Transcribe all data verbatim. Skip the pictures.

--- EXCERPTED RECORDS ---

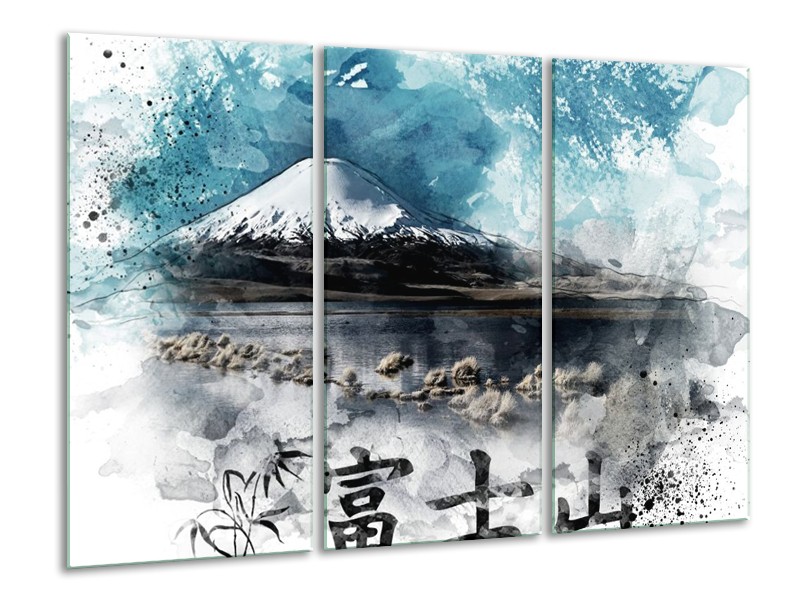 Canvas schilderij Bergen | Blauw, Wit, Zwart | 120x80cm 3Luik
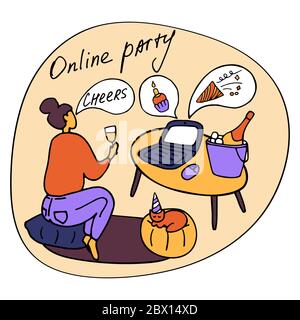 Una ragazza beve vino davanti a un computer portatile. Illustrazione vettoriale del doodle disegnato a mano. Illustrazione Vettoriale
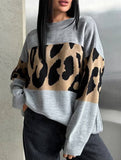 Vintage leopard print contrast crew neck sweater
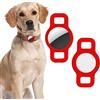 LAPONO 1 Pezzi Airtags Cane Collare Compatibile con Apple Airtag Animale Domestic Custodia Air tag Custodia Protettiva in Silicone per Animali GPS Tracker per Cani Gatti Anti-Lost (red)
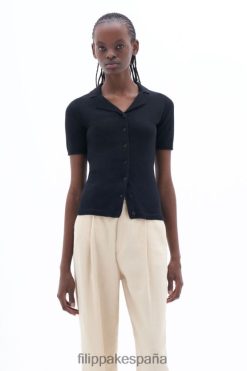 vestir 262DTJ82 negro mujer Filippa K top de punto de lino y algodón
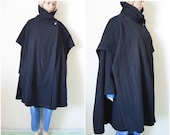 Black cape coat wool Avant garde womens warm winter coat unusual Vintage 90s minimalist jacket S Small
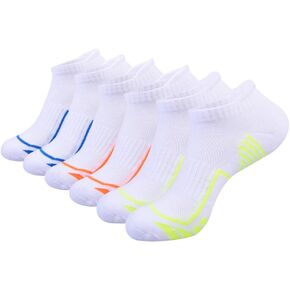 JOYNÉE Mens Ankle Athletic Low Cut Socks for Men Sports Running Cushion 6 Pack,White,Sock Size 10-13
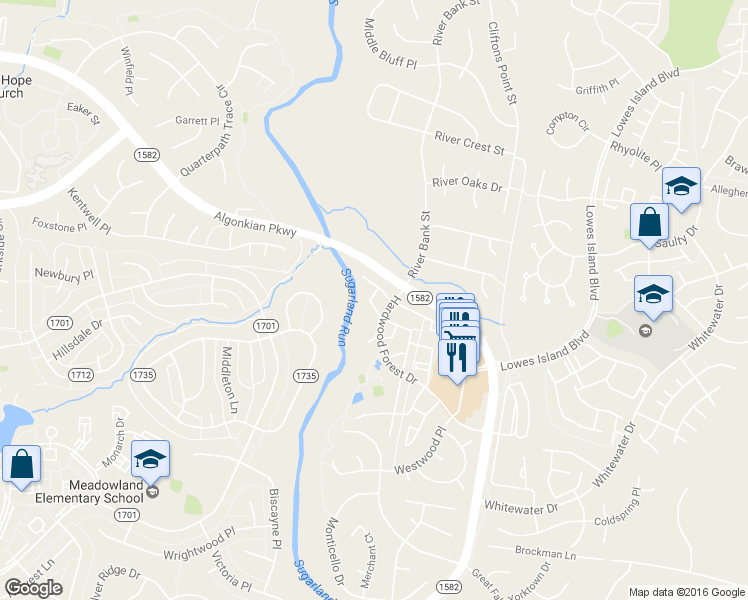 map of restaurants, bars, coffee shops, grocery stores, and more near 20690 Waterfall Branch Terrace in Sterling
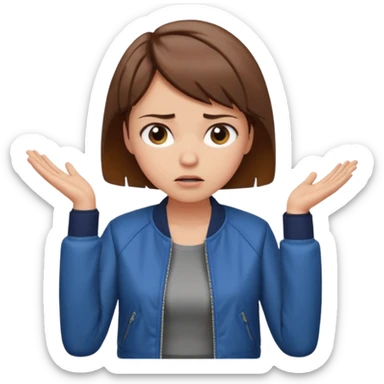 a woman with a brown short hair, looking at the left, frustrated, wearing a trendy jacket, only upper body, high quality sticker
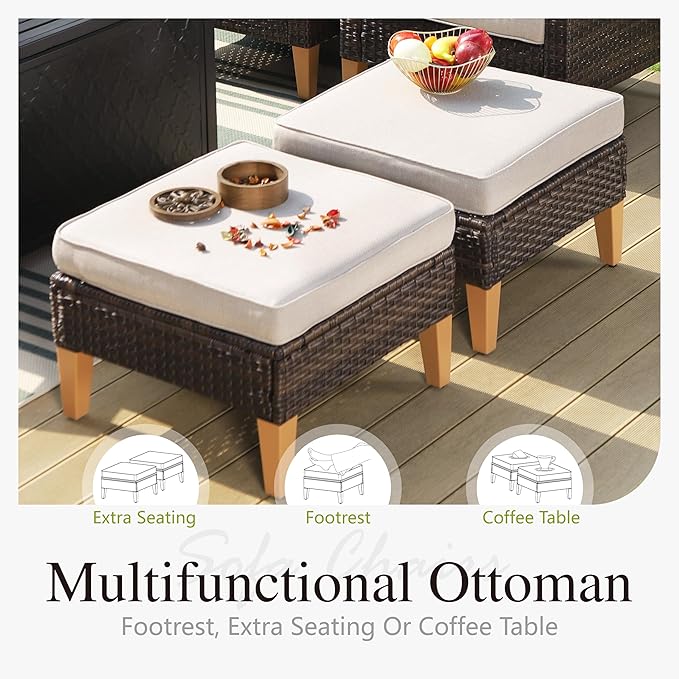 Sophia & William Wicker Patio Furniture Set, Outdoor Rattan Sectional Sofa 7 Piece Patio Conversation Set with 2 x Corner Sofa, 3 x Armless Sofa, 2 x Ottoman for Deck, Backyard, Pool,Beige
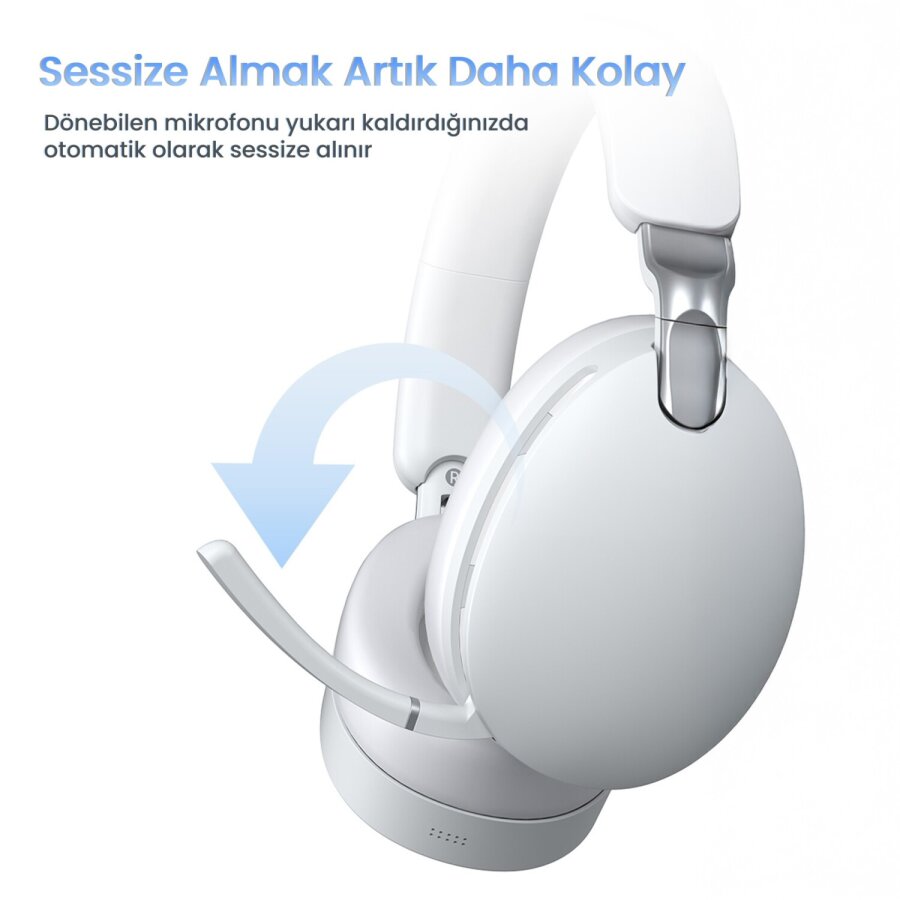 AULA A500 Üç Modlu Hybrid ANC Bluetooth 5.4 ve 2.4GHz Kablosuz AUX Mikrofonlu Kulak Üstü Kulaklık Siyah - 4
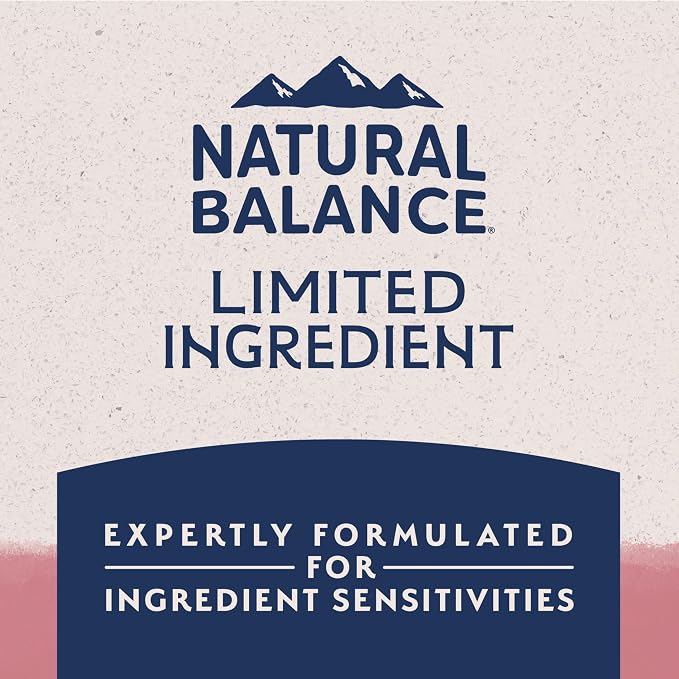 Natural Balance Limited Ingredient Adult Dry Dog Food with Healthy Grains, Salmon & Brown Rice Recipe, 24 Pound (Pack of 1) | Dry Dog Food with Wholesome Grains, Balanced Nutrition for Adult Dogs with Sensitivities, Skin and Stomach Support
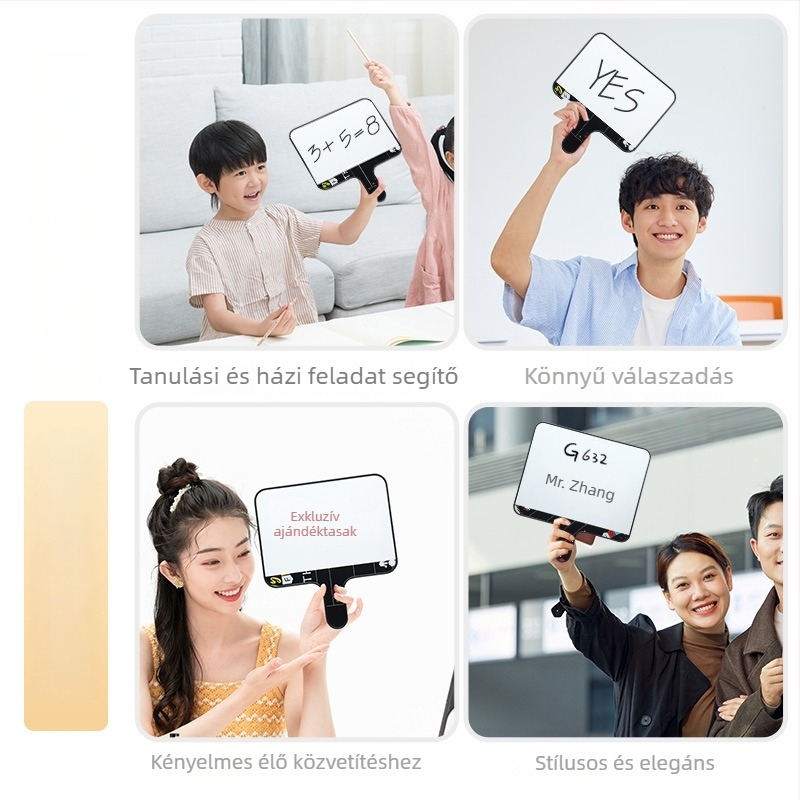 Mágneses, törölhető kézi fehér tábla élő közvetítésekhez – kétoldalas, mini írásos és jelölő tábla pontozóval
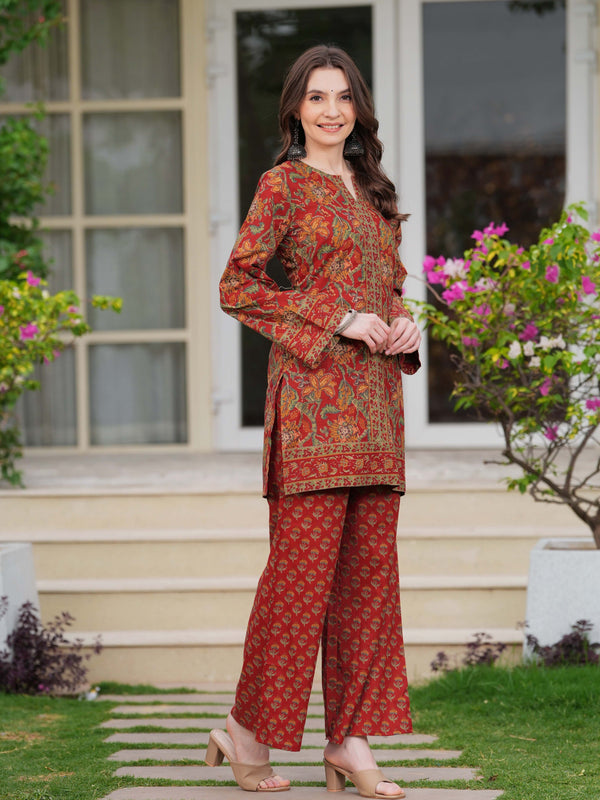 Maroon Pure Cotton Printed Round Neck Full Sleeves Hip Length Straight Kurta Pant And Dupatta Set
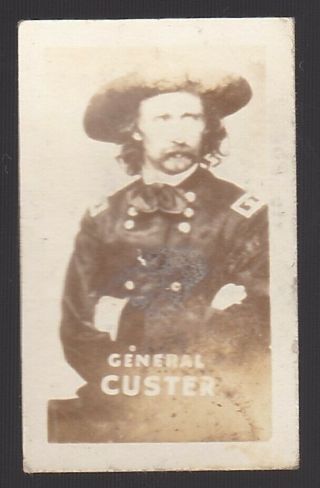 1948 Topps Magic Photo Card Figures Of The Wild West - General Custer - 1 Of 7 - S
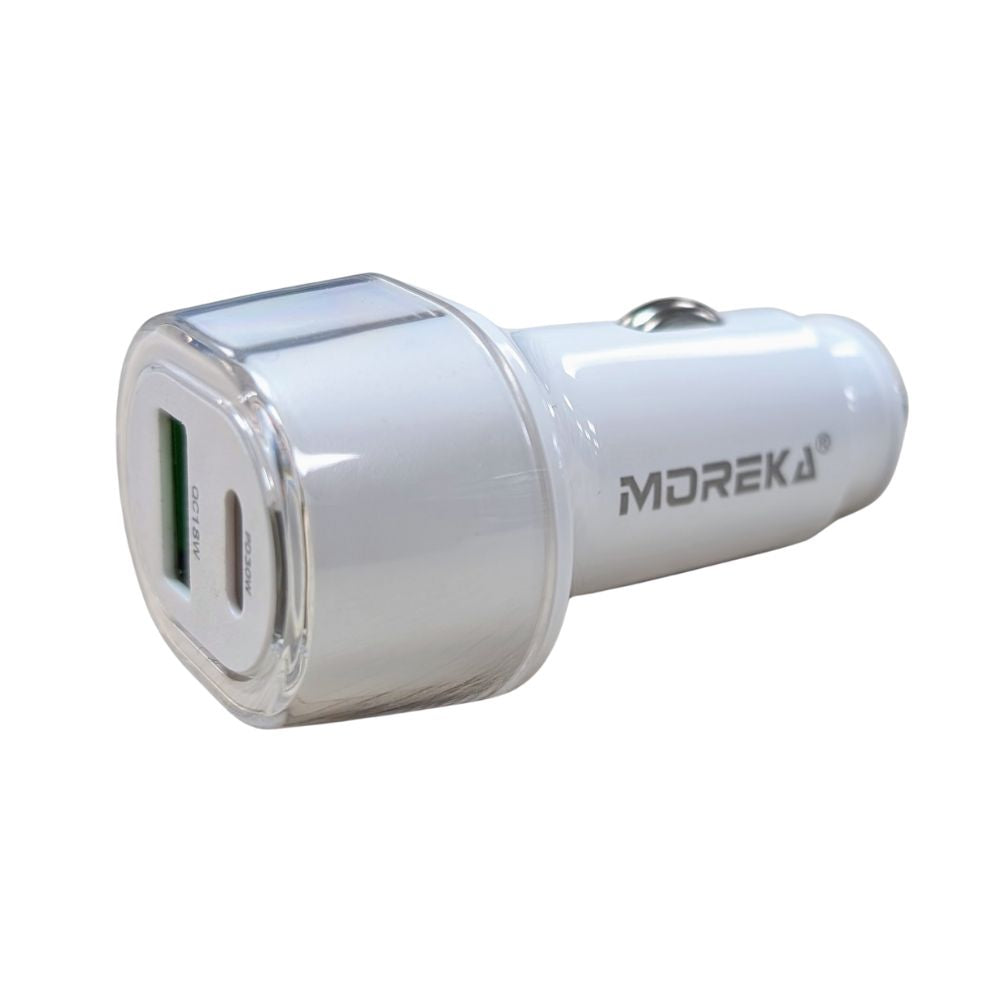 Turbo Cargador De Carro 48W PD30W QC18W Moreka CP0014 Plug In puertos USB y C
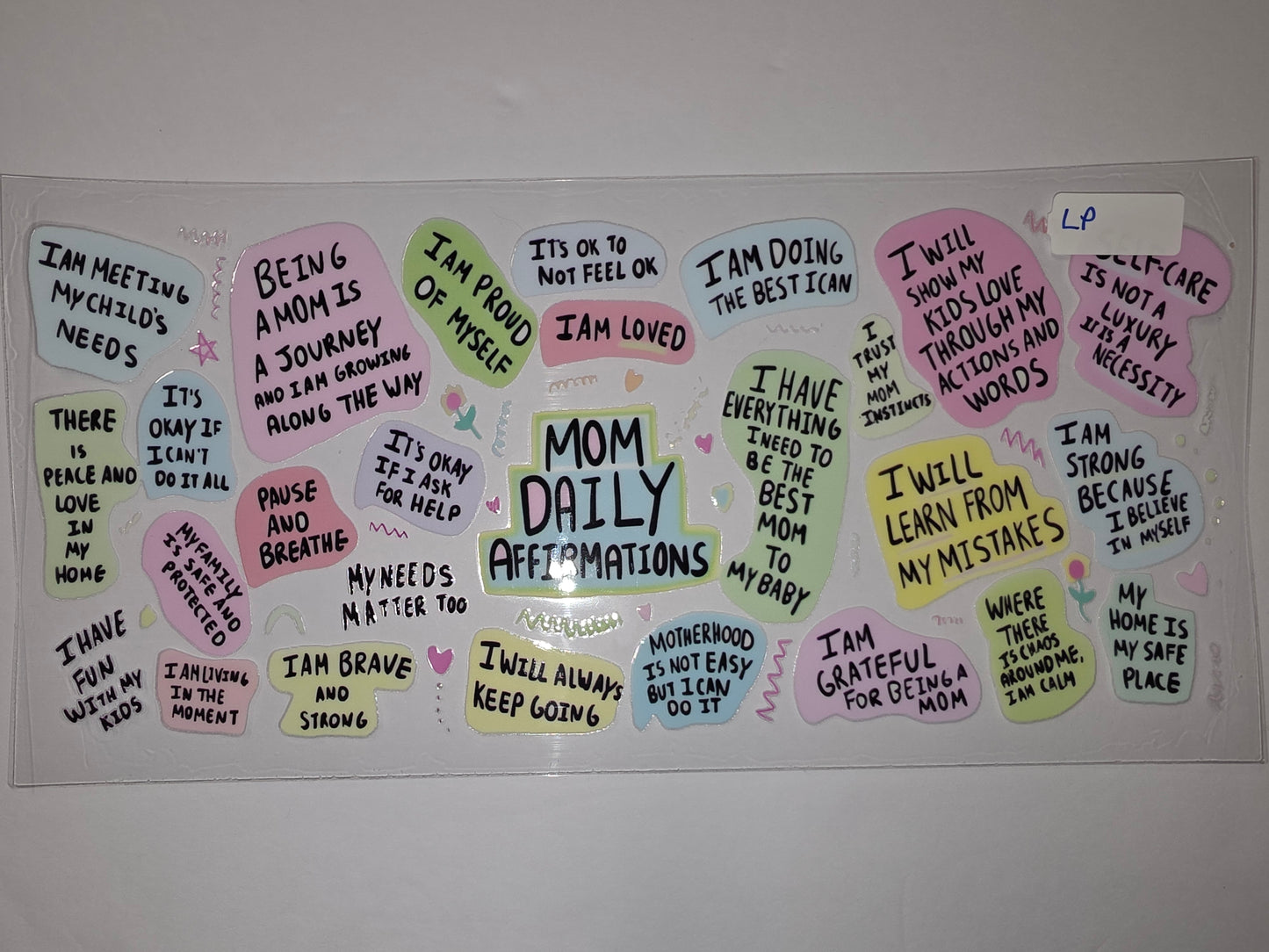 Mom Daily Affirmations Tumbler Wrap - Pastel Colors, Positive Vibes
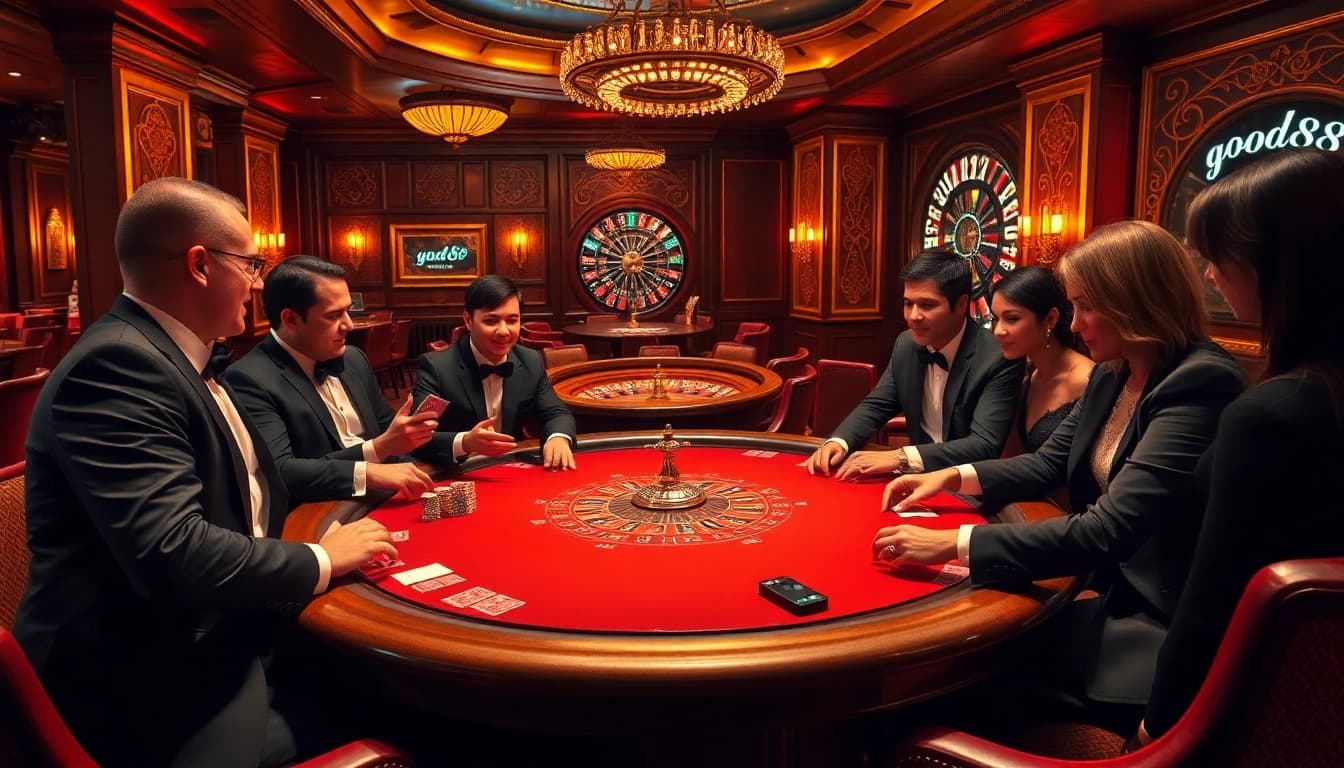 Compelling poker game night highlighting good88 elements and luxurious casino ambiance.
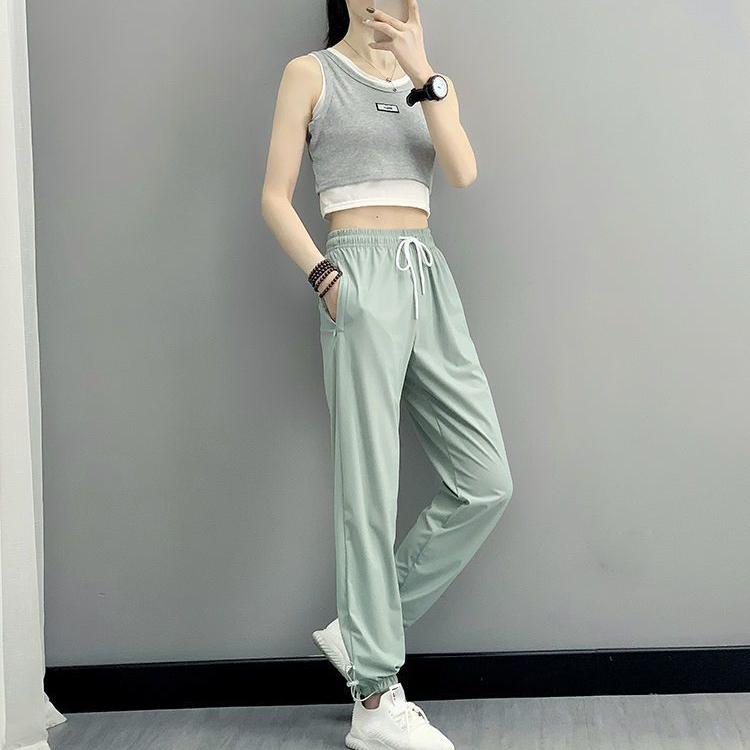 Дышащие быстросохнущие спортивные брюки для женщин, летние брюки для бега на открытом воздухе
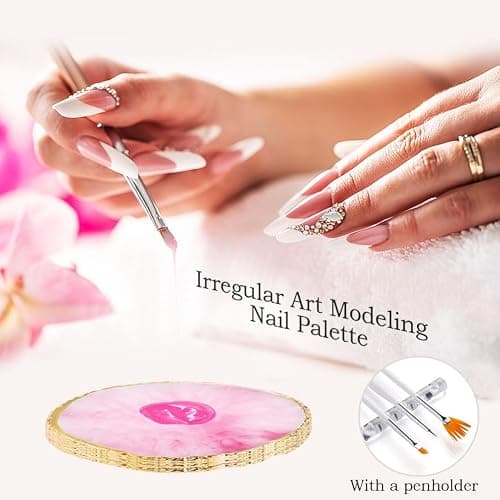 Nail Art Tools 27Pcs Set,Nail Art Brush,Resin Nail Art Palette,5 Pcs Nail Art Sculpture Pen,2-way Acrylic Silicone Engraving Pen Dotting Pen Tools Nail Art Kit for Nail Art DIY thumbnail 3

---

- [EXERCISE OUTPUT]
 Canvas schilderij Bergen | Blauw, Wit, Zwart | 120x80cm 3Luik
 Una ragazza beve vino davanti a un computer portatile. Illustrazione vettoriale del doodle disegnato a mano. Illustrazione Vettoriale
 Vintage leopard print contrast crew neck sweater
 LAPONO 1 Pezzi Airtags Cane Collare Compatibile con Apple Airtag Animale Domestic Custodia Air tag Custodia Protettiva in Silicone per Animali GPS Tracker per Cani Gatti Anti-Lost (red)
 vestir 262DTJ82 negro mujer Filippa K top de punto de lino y algodón
 Black cape coat wool Avant garde womens warm winter coat unusual Vintage 90s minimalist jacket S Small
 JOYNÉE Mens Ankle Athletic Low Cut Socks for Men Sports Running Cushion 6 Pack,White,Sock Size 10-13
 map of restaurants, bars, coffee shops, grocery stores, and more near 20690 Waterfall Branch Terrace in Sterling
 a woman with a brown short hair, looking at the left, frustrated, wearing a trendy jacket, only upper body, high quality sticker
 Sophia & William Wicker Patio Furniture Set, Outdoor Rattan Sectional Sofa 7 Piece Patio Conversation Set with 2 x Corner Sofa, 3 x Armless Sofa, 2 x Ottoman for Deck, Backyard, Pool,Beige
 AULA A500 Üç Modlu Hybrid ANC Bluetooth 5.4 ve 2.4GHz Kablosuz AUX Mikrofonlu Kulak Üstü Kulaklık Siyah - 4
 Natural Balance Limited Ingredient Adult Dry Dog Food with Healthy Grains, Salmon & Brown Rice Recipe, 24 Pound (Pack of 1) | Dry Dog Food with Wholesome Grains, Balanced Nutrition for Adult Dogs with Sensitivities, Skin and Stomach Support
 Mágneses, törölhető kézi fehér tábla élő közvetítésekhez – kétoldalas, mini írásos és jelölő tábla pontozóval
 Maroon Pure Cotton Printed Round Neck Full Sleeves Hip Length Straight Kurta Pant And Dupatta Set
 1948 Topps Magic Photo Card Figures Of The Wild West - General Custer - 1 Of 7 - S
 Turbo Cargador De Carro 48W PD30W QC18W Moreka CP0014 Plug In puertos USB y C
 Mom Daily Affirmations Tumbler Wrap - Pastel Colors, Positive Vibes
 Compelling poker game night highlighting good88 elements and luxurious casino ambiance.
 Дышащие быстросохнущие спортивные брюки для женщин, летние брюки для бега на открытом воздухе
 Nail Art Tools 27Pcs Set,Nail Art Brush,Resin Nail Art Palette,5 Pcs Nail Art Sculpture Pen,2-way Acrylic Silicone Engraving Pen Dotting Pen Tools Nail Art Kit for Nail Art DIY thumbnail 3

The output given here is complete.